Ex-funcionário da NSA que vazava informações vê nas revelações que levaram à demissão do conselheiro de Segurança uma vingança dos espiões contra o presidente

Os telefonemas trocados entre Michael Flynn e o embaixador russo em Washington, que levaram o primeiro a perder seu cargo de conselheiro de Segurança Nacional de Donald Trump, não viriam a público se não tivessem sido grampeados como parte de uma ação corriqueira das agências de segurança dos Estados Unidos. O conteúdo foi depois vazado para a imprensa, e o mesmo acontece com os supostos contatos feitos pela equipe de Trump com espiões russos durante a campanha eleitoral.

Donald Trump fala ao telefone, em 28 de janeiro, com o presidente da Rússia, Vladimir Putin, sob os olhares de membros de sua equipe, inclusive Flynn (primeiro à direita)
Donald Trump fala ao telefone, em 28 de janeiro, com o presidente da Rússia, Vladimir Putin, sob os olhares de membros de sua equipe, inclusive Flynn (primeiro à direita)Andrew Harnik (AP)

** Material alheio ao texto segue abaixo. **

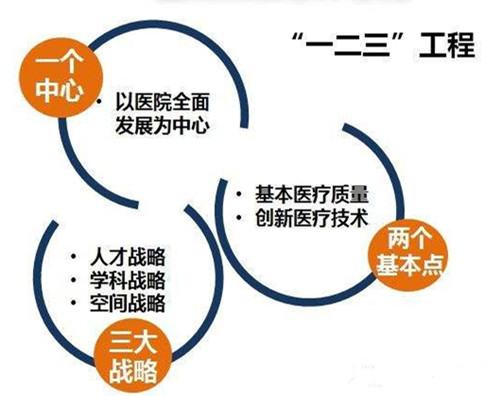 医院发展战略定位咨询
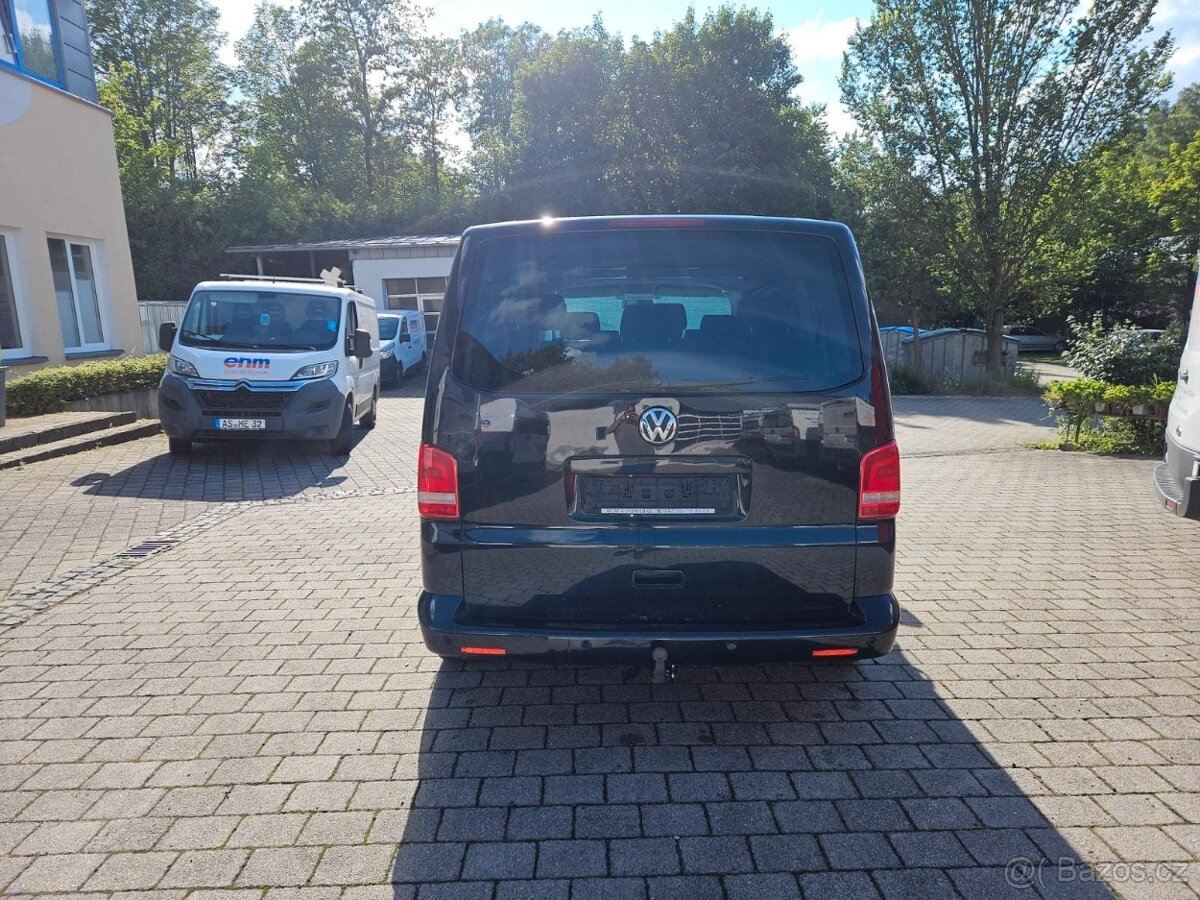 Volkswagen Caravelle 2.0 Tdi - 5
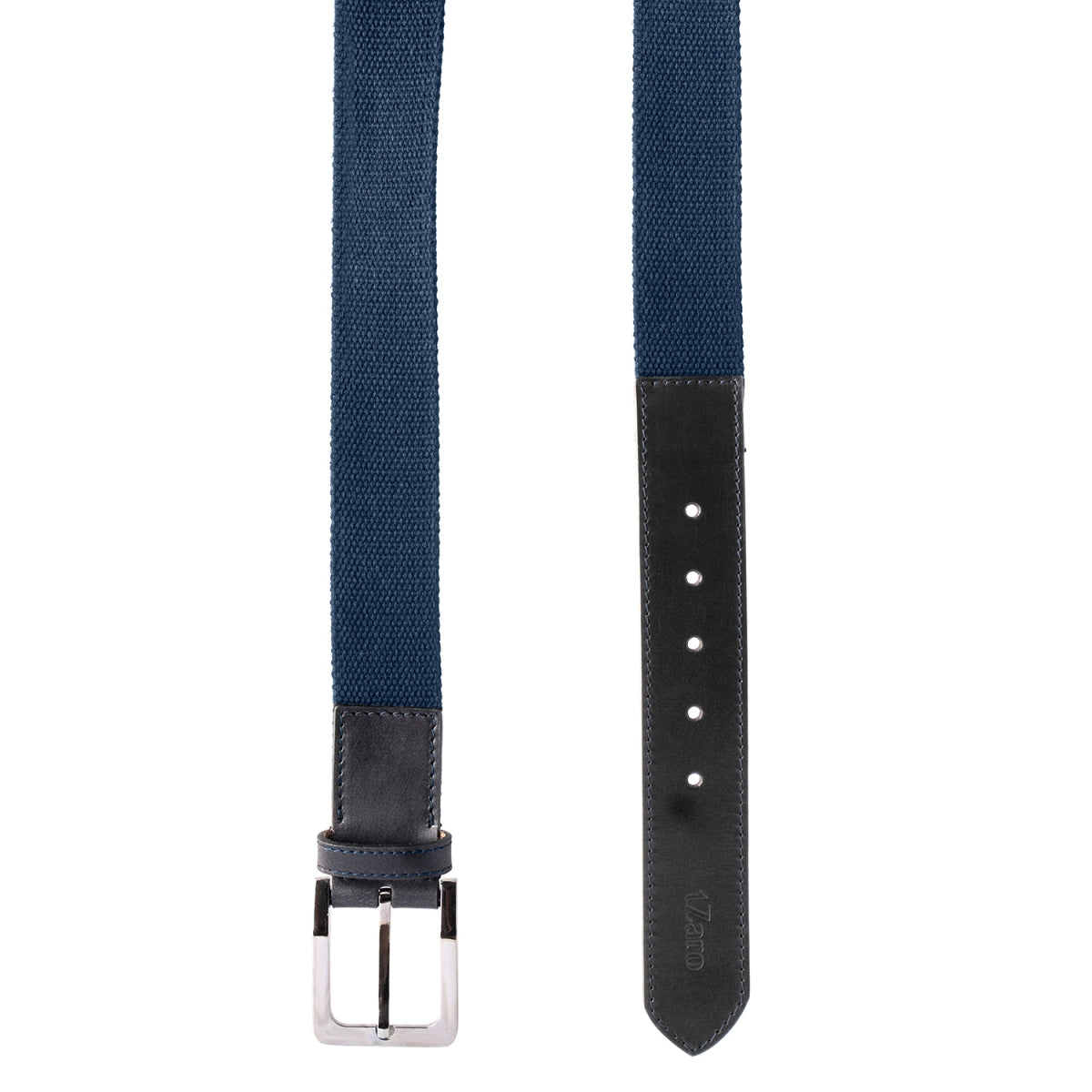 TZARO Canvas Leather Belt - IQPRSLTH062
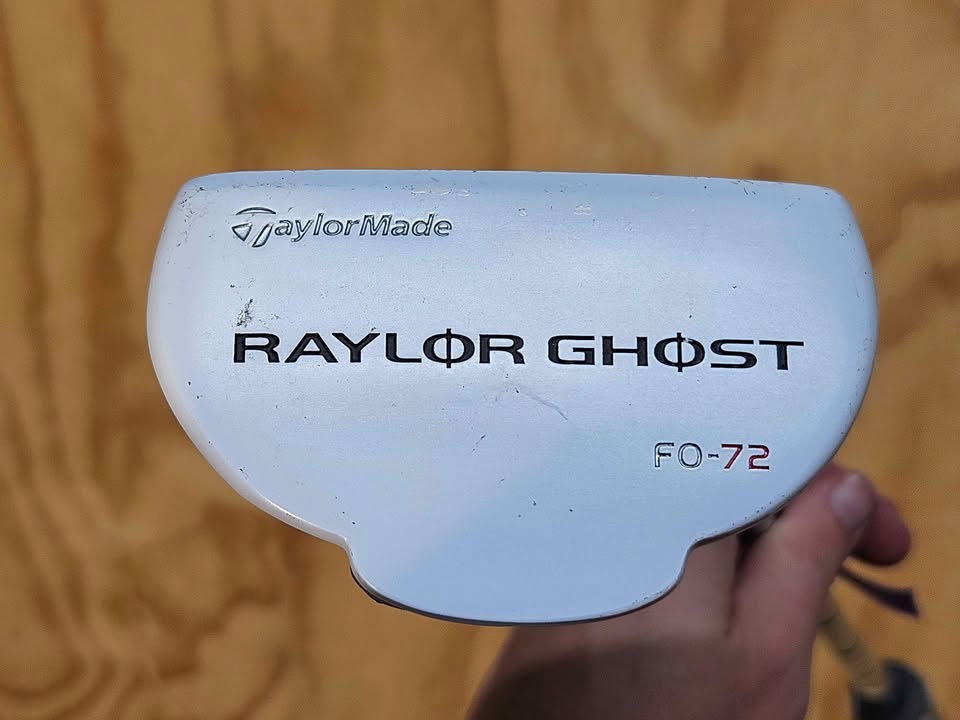 TaylorMade F0-72 Raylor Ghost Putter 33"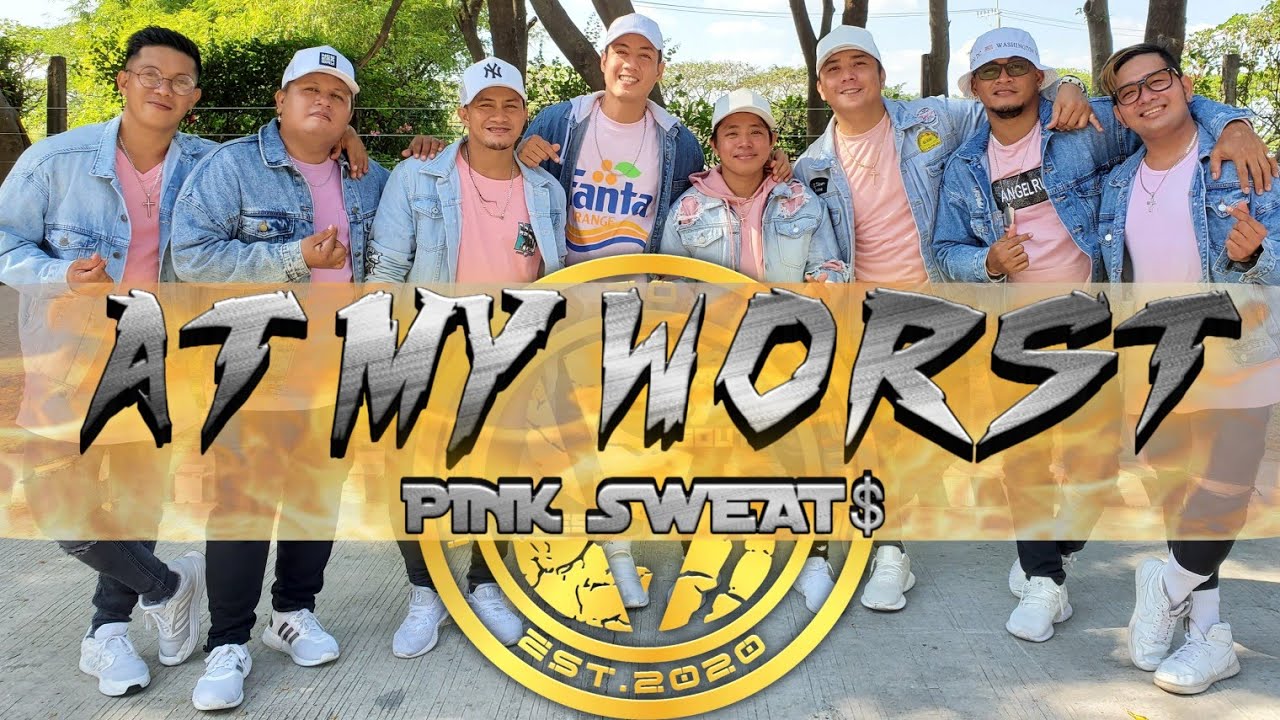 AT MY WORST by: Pink Sweat$ (DJ Reynalds M)|SOUTHVIBES|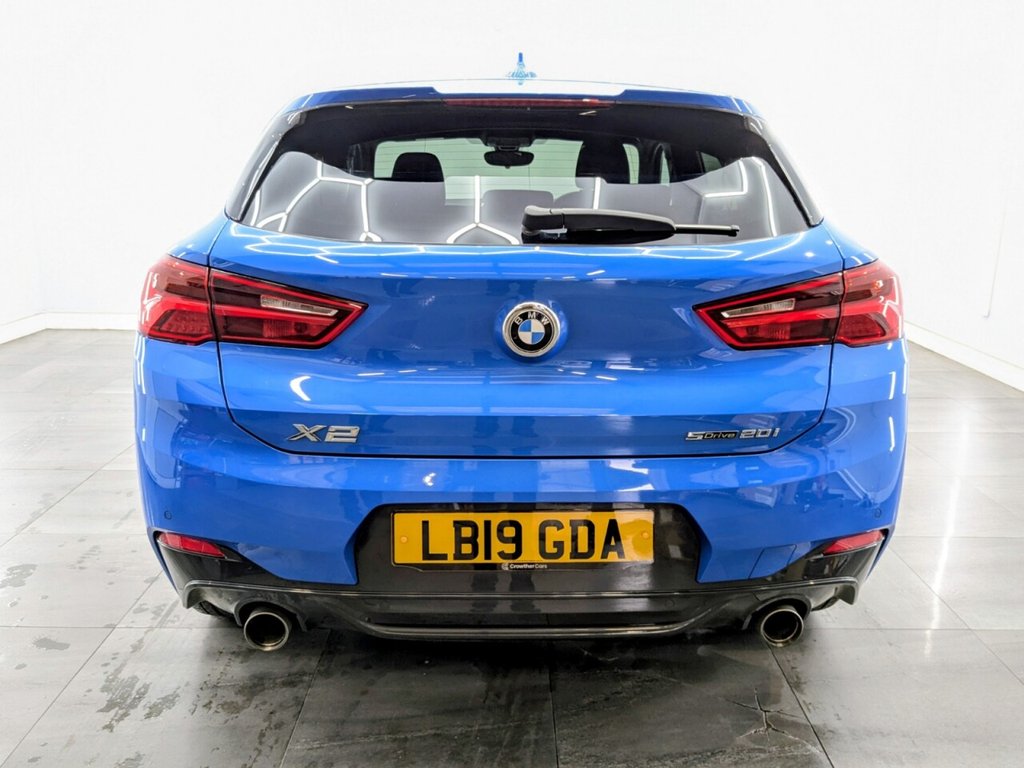 Used BMW X2 2019 for sale - 77192909: Photo 8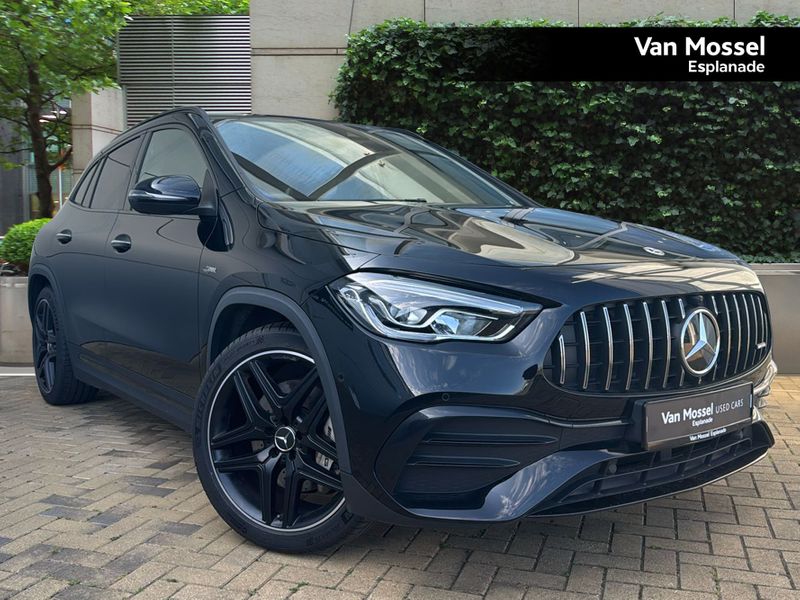 Mercedes-Benz Gla AMG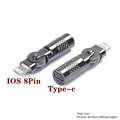 Type-C to 8Pin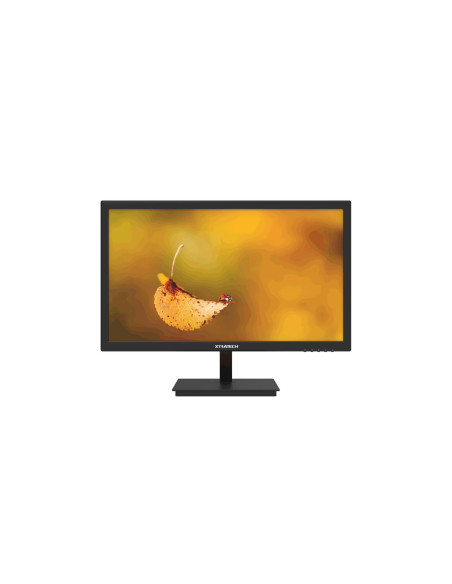MONITOR XTRATECH 19.5" LED 1600×900 HDMI - VGA - 75Hz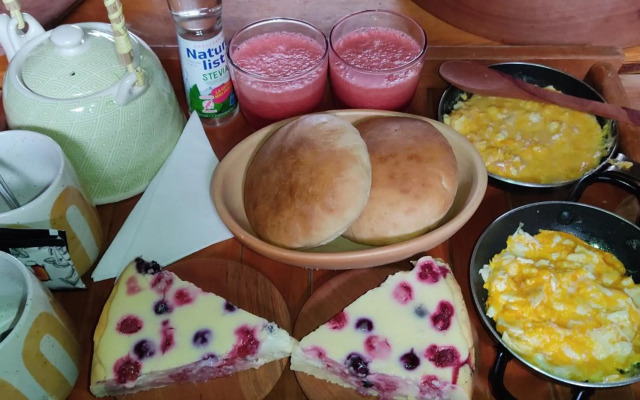 Cabaña Bosques de Cudico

Os dois episódios ilustram o quanto é comum, nos EUA, que se analisem as conversas telefônicas de funcionários de outros países e, ao mesmo tempo, inauguram uma discussão sobre a divulgação secreta dessas informações. Na quarta-feira, Trump classificou os vazamentos de “ato criminoso” e os atribuiu à “comunidade de inteligência”. Nesta quinta-feira, ele deu um passo a mais, afirmando, em encontro com líderes republicanos, que: “Vamos descobrir quem está vazando isso, e eles pagarão caro por esse ato”.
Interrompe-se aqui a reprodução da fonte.